CLEMSON, South Carolina — Scientists believe about 25 percent of the differences in human life span is determined by genetics — with the rest determined by environmental and lifestyle factors. But they don’t yet know all the genes that contribute to a long life.
A study published March 5, 2020, in PLoS Biology quantified variation in life span in the fruit fly genome, providing valuable insights for preserving health in elderly humans — an ever-increasing segment of the population. The paper titled “Context-dependent genetic architecture of Drosophila life span” is the culmination of a decade of research by Clemson University geneticists Trudy Mackay and Robert Anholt.
It remains difficult to address the genetic basis for life span in humans, so researchers conduct their experiments with model systems. Mackay, the Self Family Endowed Chair of Human Genetics, is one of the world’s leading experts on the Drosophila melanogaster model (aka the common fruit fly), which is an excellent model for comparative analysis of human disease and aging. About 70 percent of the fruit fly genome has a human counterpart.
“The fly lines are representative of a natural population and they are very diverse, with more than two million variants captured in these lines,” said Mackay, who conducted the study using sequenced, inbred lines of the Drosophila melanogaster Genetic Reference Panel (DGRP).
In their experiment, Mackay and her team used the DGRP lines and an outbred population derived from these fly lines to examine variation in life span among male and female flies raised in three different temperature environments (18, 25 and 28 degrees Celsius).
In the process, they addressed which genes and variants are associated with increased life span and whether these genes and variants are the same in males and females and in different environments.

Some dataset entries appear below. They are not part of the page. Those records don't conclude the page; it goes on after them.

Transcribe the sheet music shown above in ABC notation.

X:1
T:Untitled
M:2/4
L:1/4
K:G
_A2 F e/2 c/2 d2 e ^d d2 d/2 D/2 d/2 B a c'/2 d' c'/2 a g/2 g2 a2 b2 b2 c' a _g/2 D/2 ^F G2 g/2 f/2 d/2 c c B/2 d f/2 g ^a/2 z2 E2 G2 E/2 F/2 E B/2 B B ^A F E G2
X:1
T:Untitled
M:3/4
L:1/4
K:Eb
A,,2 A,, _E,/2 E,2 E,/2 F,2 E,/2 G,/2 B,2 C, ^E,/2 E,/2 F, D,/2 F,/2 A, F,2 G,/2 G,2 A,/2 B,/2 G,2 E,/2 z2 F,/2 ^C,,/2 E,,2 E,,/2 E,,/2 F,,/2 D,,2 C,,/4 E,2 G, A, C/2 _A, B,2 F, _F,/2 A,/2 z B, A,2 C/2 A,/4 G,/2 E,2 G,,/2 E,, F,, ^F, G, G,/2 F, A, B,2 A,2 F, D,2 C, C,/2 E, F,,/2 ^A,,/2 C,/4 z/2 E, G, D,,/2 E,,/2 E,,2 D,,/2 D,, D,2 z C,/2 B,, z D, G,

A variant, which is a change in a single DNA base of a person’s DNA code, is introduced into a population as a mutation. The laws of natural selection indicate that variants with favorable characteristics will survive and be passed down to subsequent generations, while those with deleterious effects will not.
After conducting quantitative genetic analysis of life span and the micro-environmental variance of life span in the DGRP line, the researchers discovered that the genetic architecture of life span is context dependent. The same genes and variants had different effects in males and females and also different effects based on the temperature in which they were grown.
According to Mackay, understanding variants is much more complex than what the scientific community has previously believed, and emphasized that the male and female differences were particularly surprising.
“If average life span of a variant was increased in females, it was decreased in males,” said Mackay, director of Clemson’s Center for Human Genetics in Greenwood, South Carolina. “This is an example of what is called antagonistic pleiotropy, meaning the same variant has opposite effects on different traits. In this case it’s the same trait, but its effects are opposite in males and females.”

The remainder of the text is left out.